#### TASK STATEMENT
Could you write out, exactly and with no pictures, every line from the one containing "RapidFire Mega Football Rebounder" through the last line of the entries?

━━━━━━━━━━

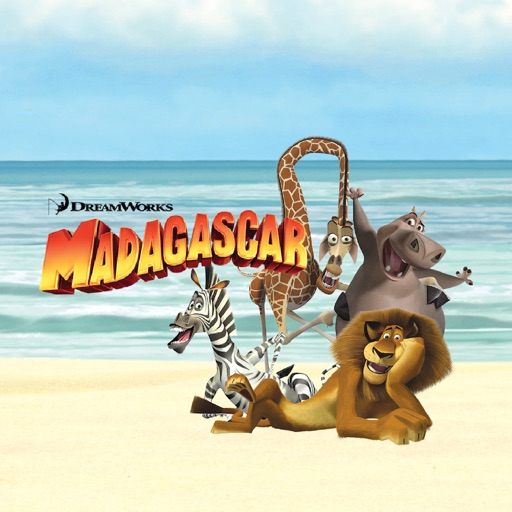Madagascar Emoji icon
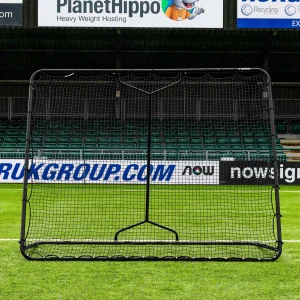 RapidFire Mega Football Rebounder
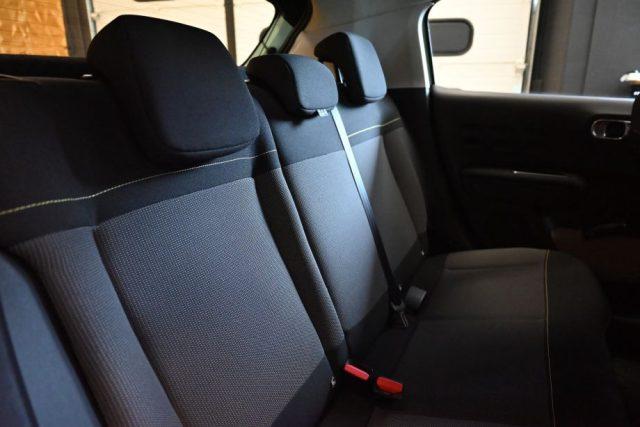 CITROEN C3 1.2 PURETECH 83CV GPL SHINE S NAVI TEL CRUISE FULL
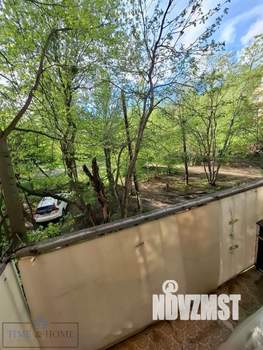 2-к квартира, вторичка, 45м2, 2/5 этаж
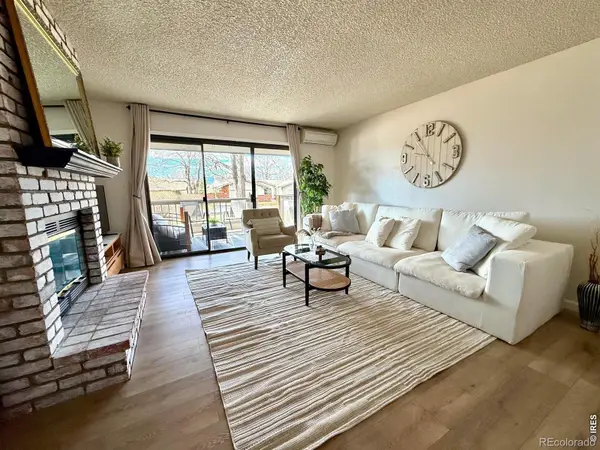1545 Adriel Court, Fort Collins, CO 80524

━━━━━━━━━━

#### RESULT OF THIS EXERCISE
 RapidFire Mega Football Rebounder
 CITROEN C3 1.2 PURETECH 83CV GPL SHINE S NAVI TEL CRUISE FULL
 2-к квартира, вторичка, 45м2, 2/5 этаж
1545 Adriel Court, Fort Collins, CO 80524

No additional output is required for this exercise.